"""

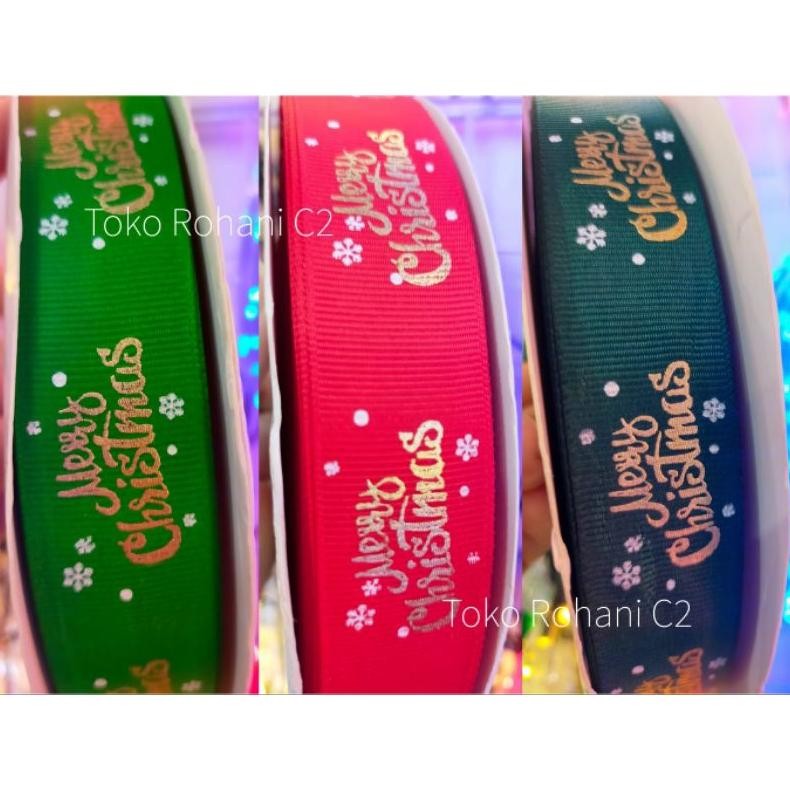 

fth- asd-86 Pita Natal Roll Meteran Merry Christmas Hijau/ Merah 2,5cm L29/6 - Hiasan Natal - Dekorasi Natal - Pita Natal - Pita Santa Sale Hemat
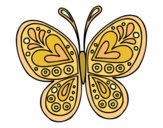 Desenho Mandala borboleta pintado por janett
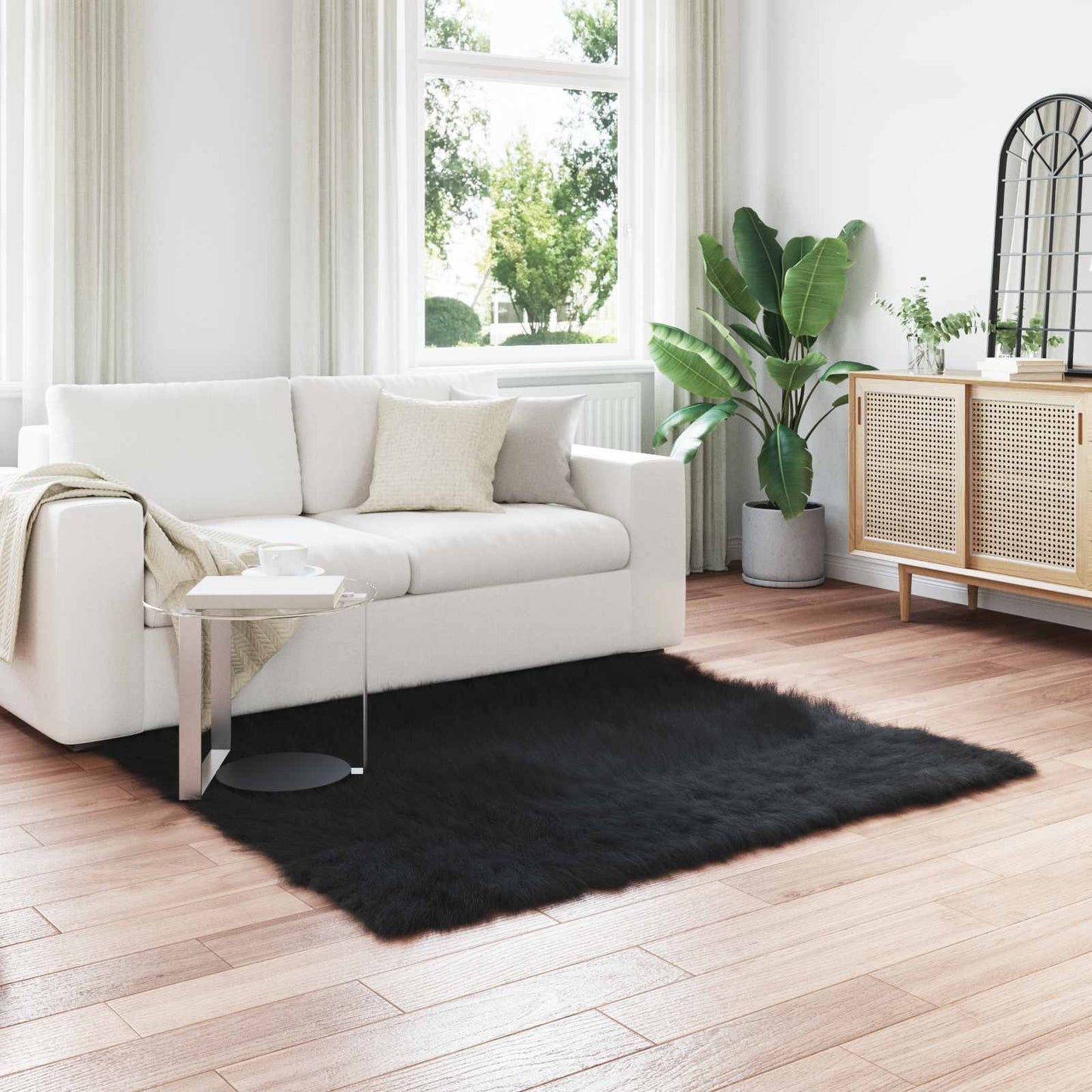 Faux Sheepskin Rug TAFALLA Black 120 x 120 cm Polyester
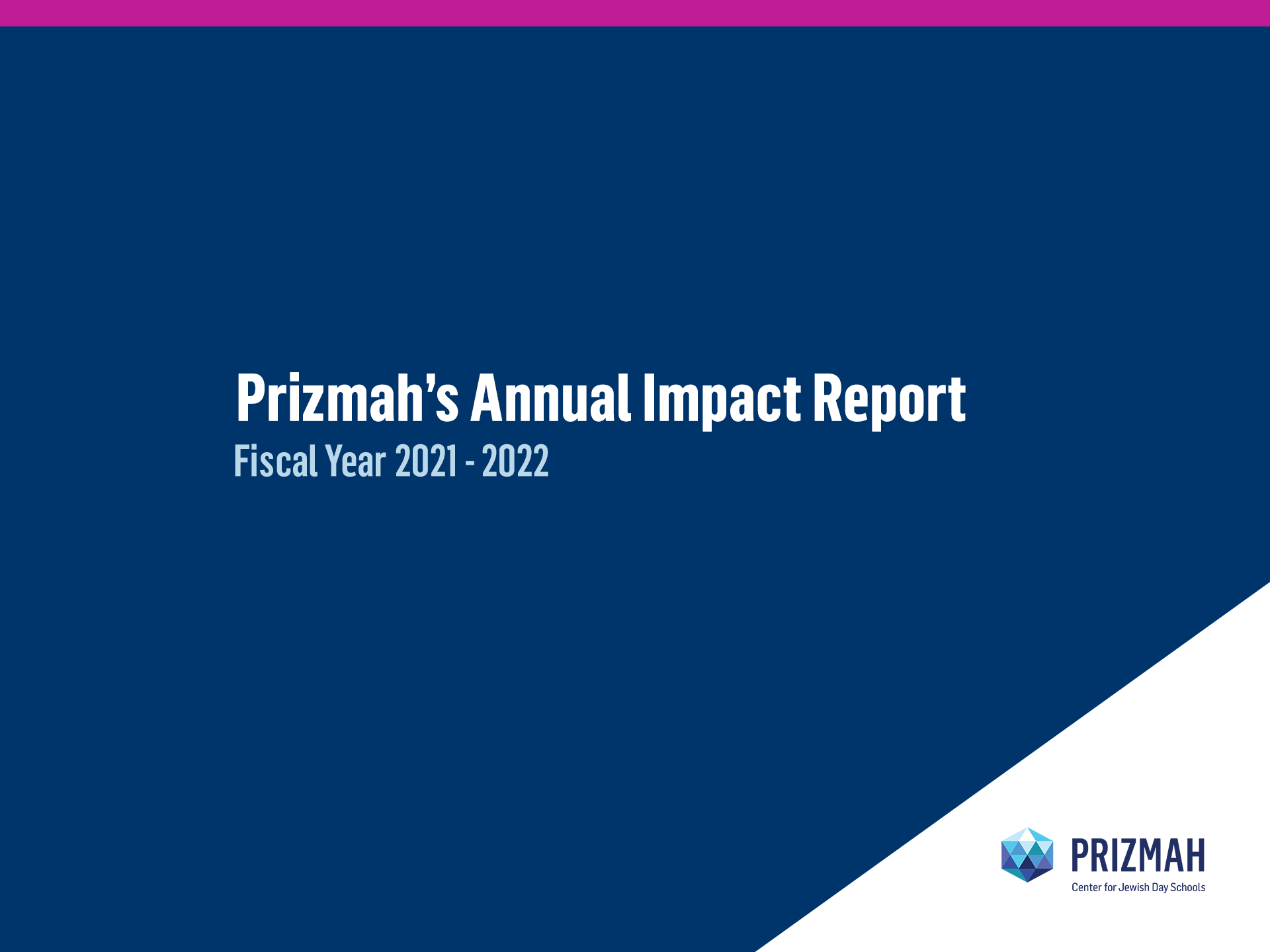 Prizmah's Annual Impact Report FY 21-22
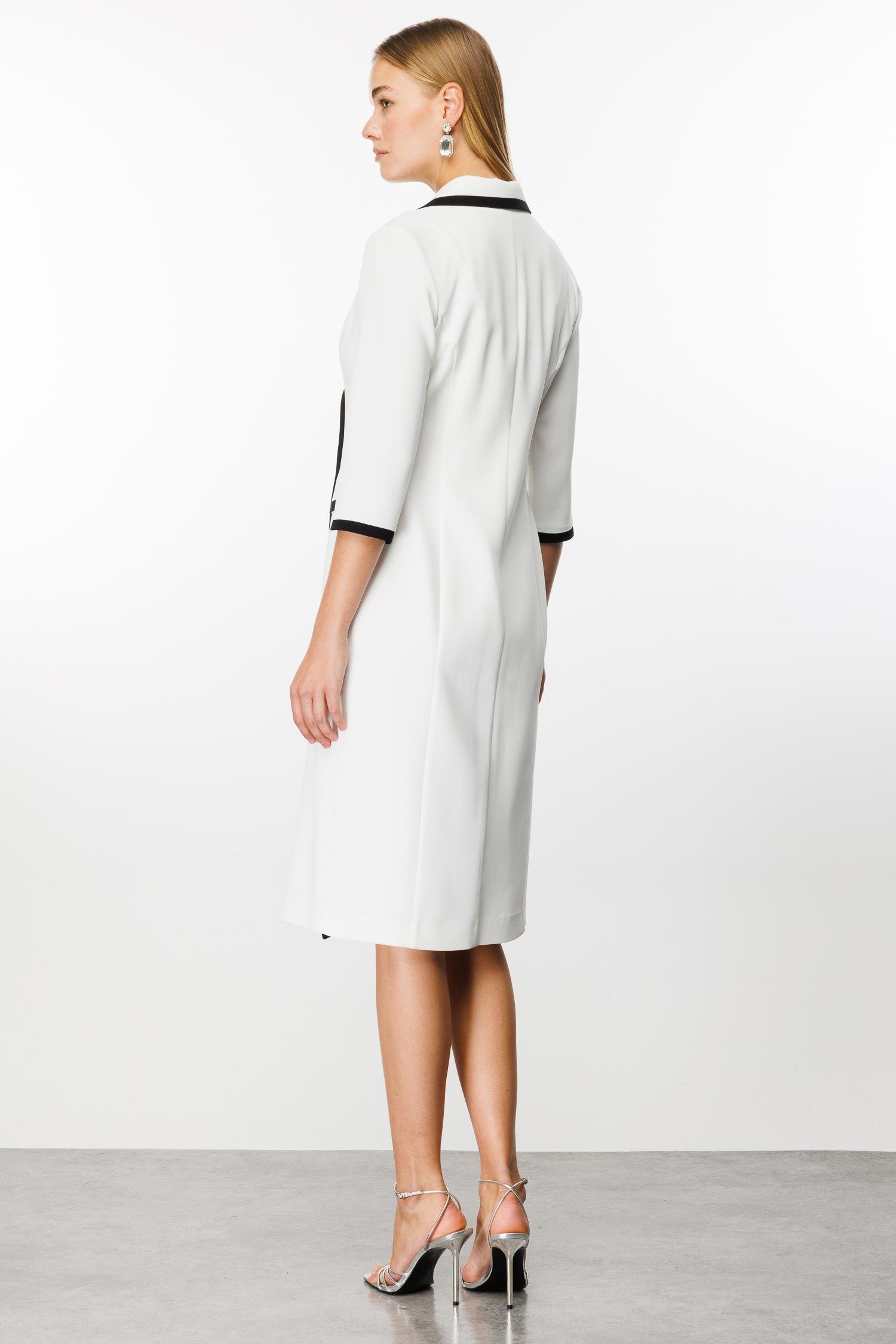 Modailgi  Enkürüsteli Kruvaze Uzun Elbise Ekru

"""

* Your instructions: Can the lines from the one with "Desenho Mandala borboleta pintado por janett" to the end of the records above be quoted exactly, both ends included, with every picture omitted?

* Solved exercise:
 Desenho Mandala borboleta pintado por janett
 Faux Sheepskin Rug TAFALLA Black 120 x 120 cm Polyester
 Prizmah's Annual Impact Report FY 21-22
 Modailgi  Enkürüsteli Kruvaze Uzun Elbise Ekru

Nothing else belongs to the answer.